Aim for an exact copy of the listing, without any images.

* Given information *
####
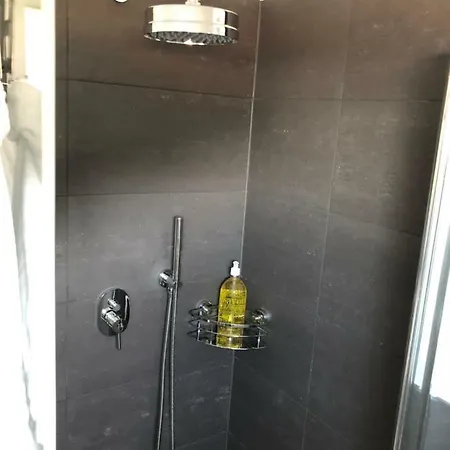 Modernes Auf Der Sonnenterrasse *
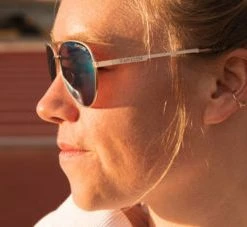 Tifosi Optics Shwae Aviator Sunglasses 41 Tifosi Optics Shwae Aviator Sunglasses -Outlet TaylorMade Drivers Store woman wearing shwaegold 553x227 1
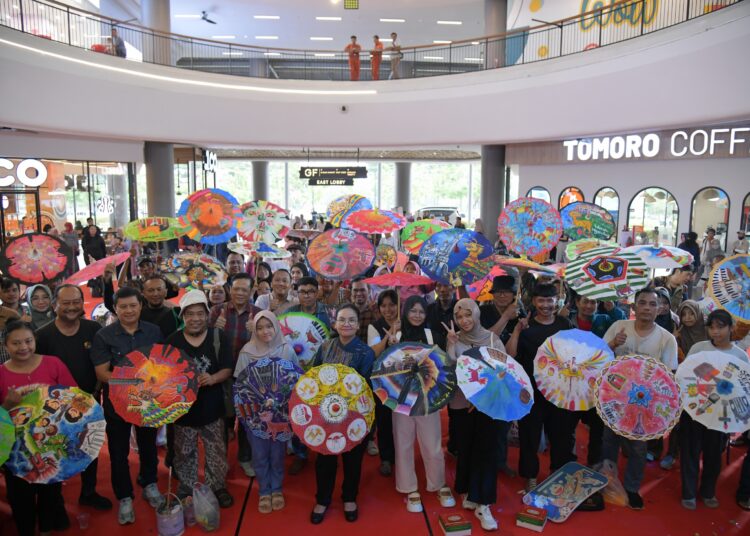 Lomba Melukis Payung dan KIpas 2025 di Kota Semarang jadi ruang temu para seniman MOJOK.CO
####
* Response to the exercise *
 Modernes Auf Der Sonnenterrasse *
 Tifosi Optics Shwae Aviator Sunglasses 41 Tifosi Optics Shwae Aviator Sunglasses -Outlet TaylorMade Drivers Store woman wearing shwaegold 553x227 1
 Lomba Melukis Payung dan KIpas 2025 di Kota Semarang jadi ruang temu para seniman MOJOK.CO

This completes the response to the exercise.